• WHAT IS EXPECTED
Once the line containing "Směsná infekce fuzárii a plísně bramboru" appears, output it and each remaining line of the records below exactly, with no pictures and nothing more.

• EXCERPTED RECORDS

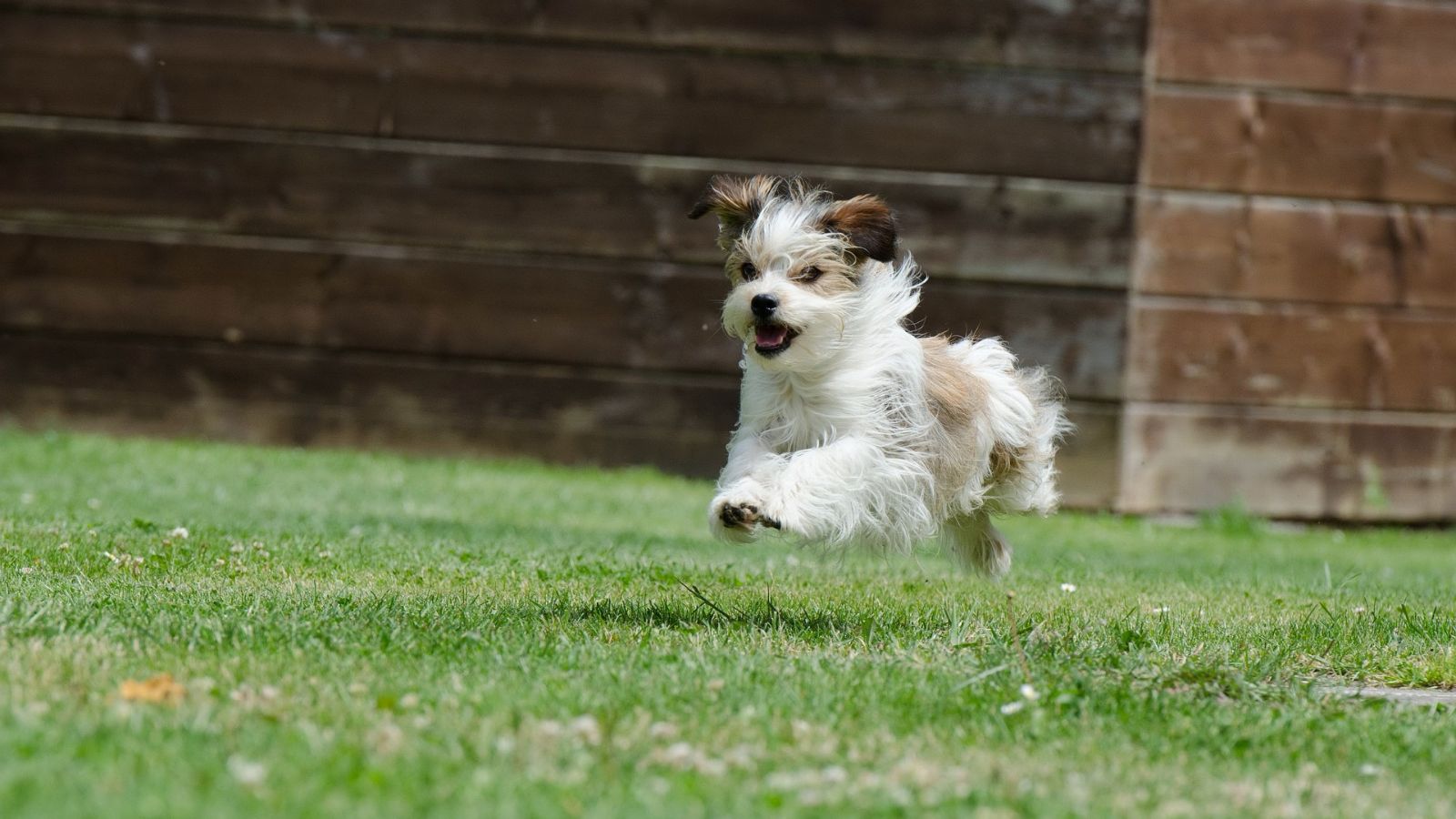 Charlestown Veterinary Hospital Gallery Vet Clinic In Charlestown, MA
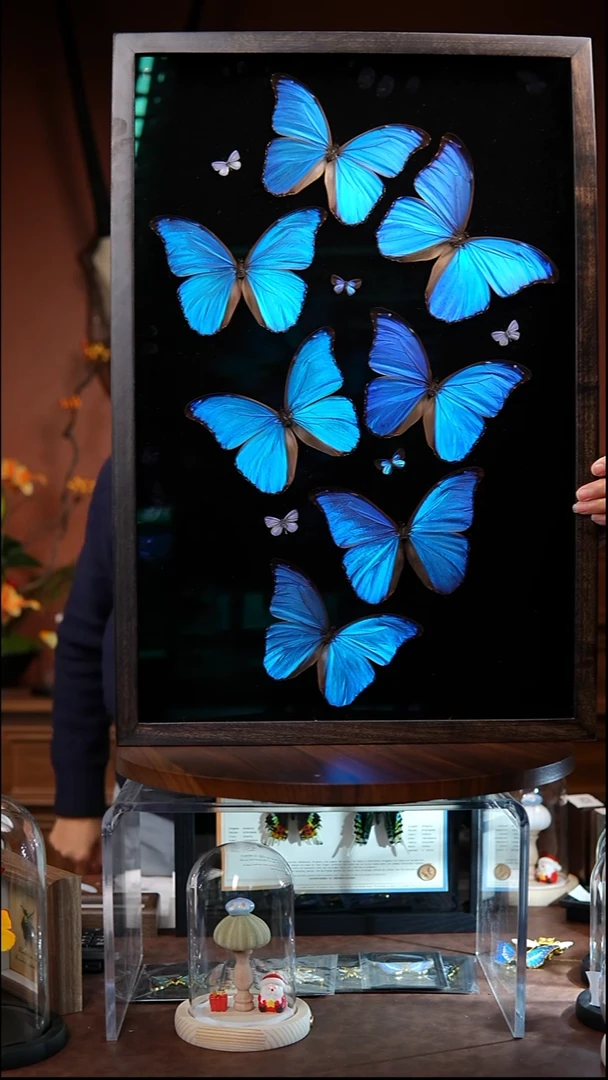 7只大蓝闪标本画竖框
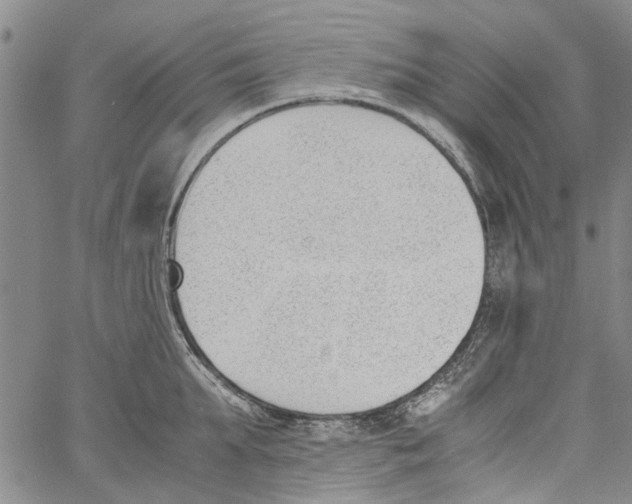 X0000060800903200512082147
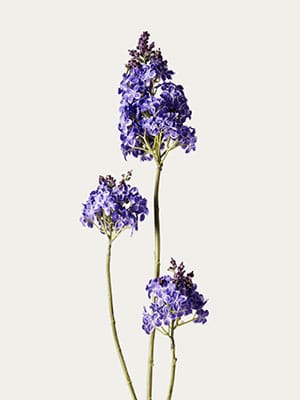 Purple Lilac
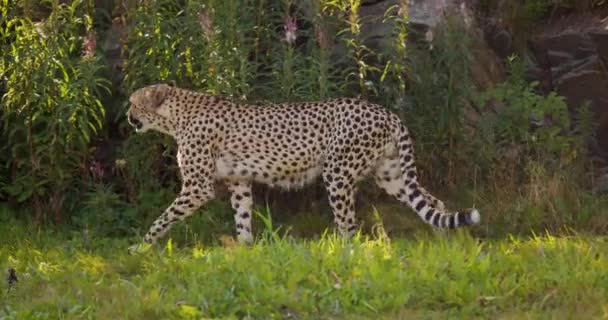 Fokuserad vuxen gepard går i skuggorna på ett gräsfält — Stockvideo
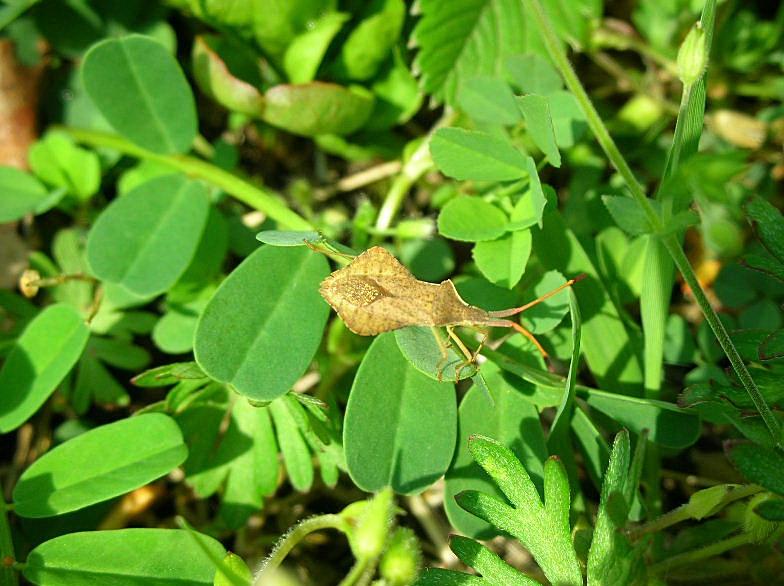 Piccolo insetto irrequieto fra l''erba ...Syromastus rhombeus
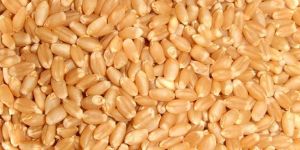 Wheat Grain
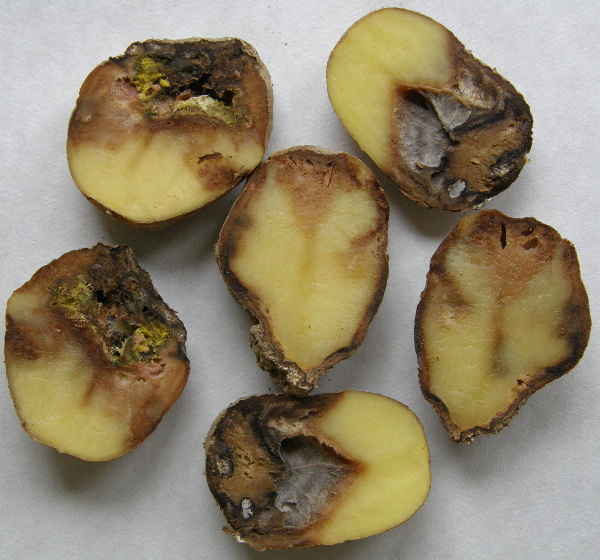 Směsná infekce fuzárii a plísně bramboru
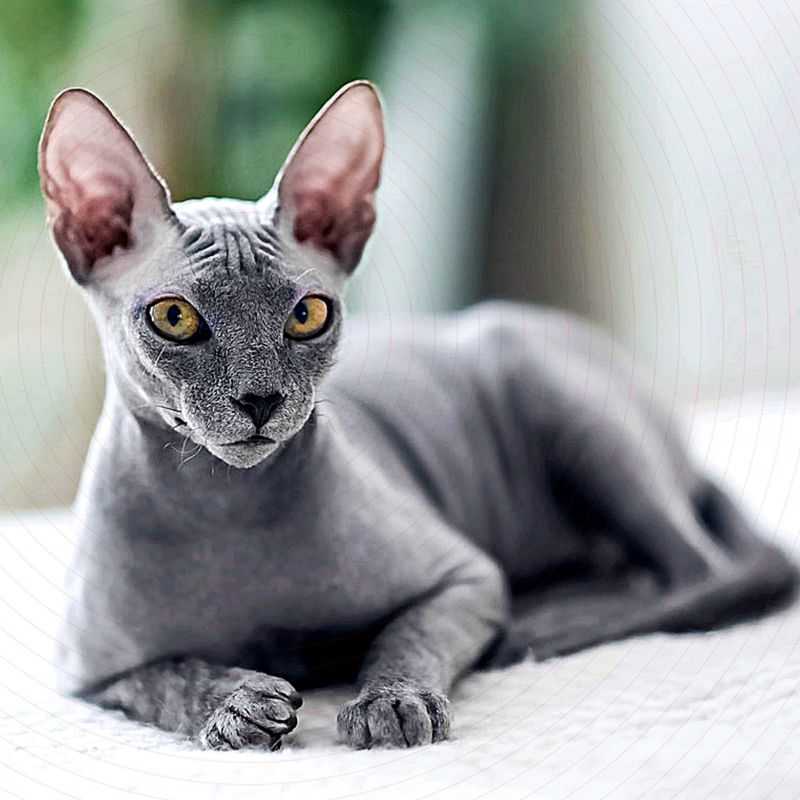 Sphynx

• ANSWER SECTION
 Směsná infekce fuzárii a plísně bramboru
 Sphynx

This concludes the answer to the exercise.